I'm doing a favor for my husband, and cleaning his boss house. I asked the boss's wife to please not mention that they pay me $15.00 an hour. I explained that I normally charge $20-25. She kept going on about how that's crazy and too high. I felt so angry inside. I work my tail off to make a good name for myself. I work so hard, that I can't feel my wrist at the end of a house. I won't leave until they're happy. I feel that you pay for what you get. I agree with the comment ,if you want cheap labor, make their kids clean. I'm not sitting on my butt, and I'm working a very physical job. I enjoy making people happy, but I also know my self worth.

Amy
Sept. 4, 2016

To nurse quest What you don't understand is that housekeepers don't have an employee who is contributing to our supplies needed, retirement, our health insurance, our paid vacations, etc.

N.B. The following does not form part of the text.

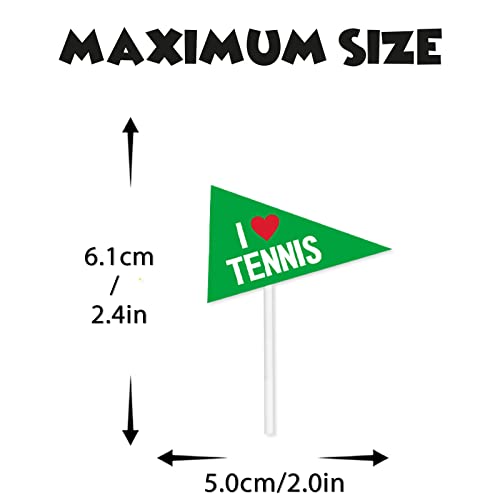 18Pcs Green Glitter Tennis Ball Dessert Cupcake Topper Tennis Athletics Sport Theme Decor Supplies Boys Girls Happy Birthday Decorations #TOP3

That all comes out of our pocket. Its much like child care. When you have a child in daycare, they charge whether your child is there or not because that spot, whether your child is there or not, is dedicated to YOUR child. if I have a designated time and day, designated to you, and want to reschedule, I have to contact other clients to fit you back in. If I cant, I am out that portion of my paycheck. You're employer as a nurse contributes to your 401k, your paid time off, your health insurance. As a self employed worker, that's all on me. So, yes, we charge more than you think we should, but don't forget, YOURE the one seeking our help to keep YOUR house clean so you don't have to. Its your call, don't like it, clean your own house.

Olly
Aug. 27, 2016

I thing that this discussion about about low rate high rate education level extra is unnecessary.Everybody is important.If there are no cleaners all these people with there high paid jobs and millions dollar homes would be buried in their dirt and junk.The people that clean well are qualified to get paid well. If you don't want to pay, you need to do it yourself. Thank God not everyone has degrees and high students loans! To make the world functions, we need cleaners, plumbers, doctors, nurses and even criminals, otherwise Police, Lawyers, Judges etc. wouldn't have jobs.Everyone is important. Next time you want to look down on anybody, think about their significance in society.

Judy
Aug. 24, 2016

I charge $50hr not going to go less, I worked cleaning a hotels for two years and they only paid 9.50 per hour so I thought to myself why not start my own cleaning business if I clean 20 rooms in eight hours and I'm just getting paid 76$ for eight hours a day and they sell each rooms for 120$ the night I could make more money cleaning houses and so I did. I just started my own cleaning business 6months ago before my 20th birthday.

t
Aug. 4, 2016

cleaning people houses is sometime hard. and some is ok to clean. but i ask them to pay me 15.and hour. because once you keep the house clean it dont take long. i go in and do what i have to do and be done. And sometime they make give you a little bit more.